▶ What is expected: Copy exactly the lines of the records below, starting at the line that contains "Prestige Shantiniketan Commercial" and continuing through the last line, both included; omit any pictures.

▶ Task inputs:
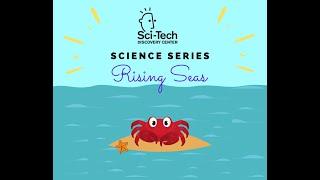 Sci-Tech Science Series: Rising Seas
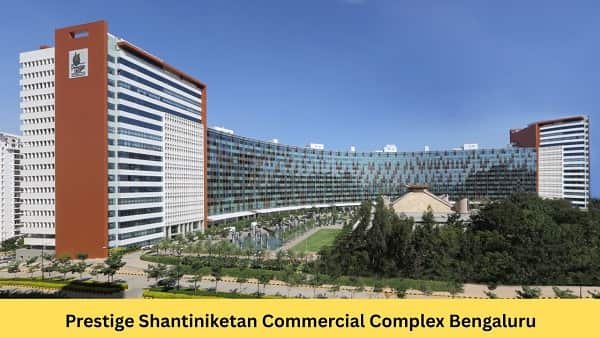 Prestige Shantiniketan Commercial Complex Bengaluru: Location, Address, Connectivity, Offices and Nearby Areas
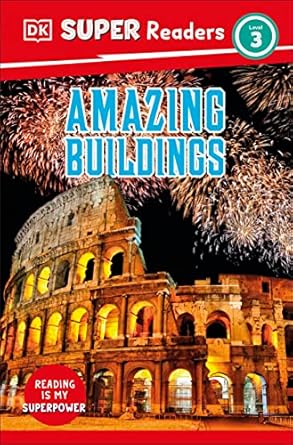 Amazing Buildings (DK Super Readers Level 3) - MPHOnline.com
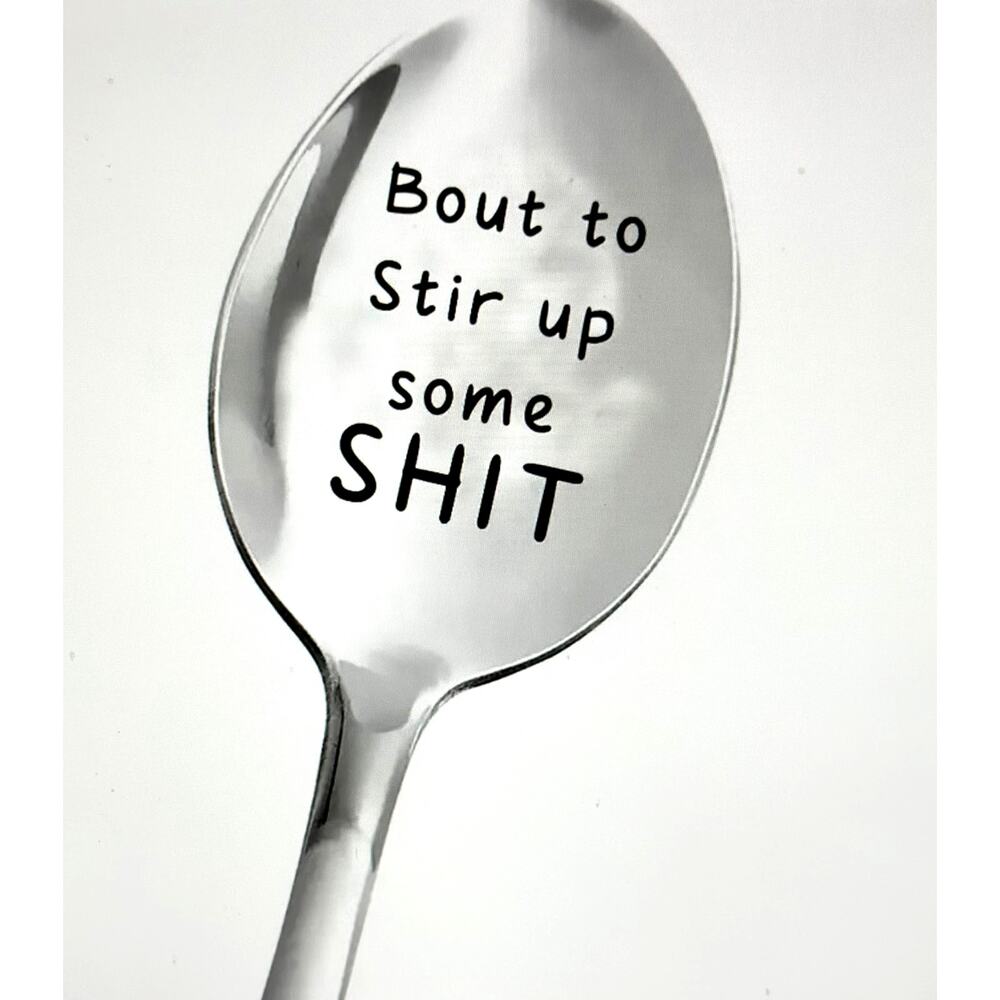 Funny Laser Engraved 'Bout to Stir up some SH*T' Spoon 7.5"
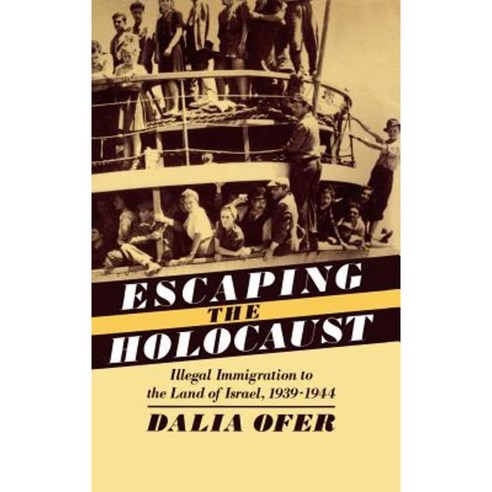 Escaping the Holocaust: Illegal Immigration to the Land of Israel 1939-1944 Hardcover, Oxford University Press, USA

▶ Solution to the problem:
 Prestige Shantiniketan Commercial Complex Bengaluru: Location, Address, Connectivity, Offices and Nearby Areas
 Amazing Buildings (DK Super Readers Level 3) - MPHOnline.com
 Funny Laser Engraved 'Bout to Stir up some SH*T' Spoon 7.5"
 Escaping the Holocaust: Illegal Immigration to the Land of Israel 1939-1944 Hardcover, Oxford University Press, USA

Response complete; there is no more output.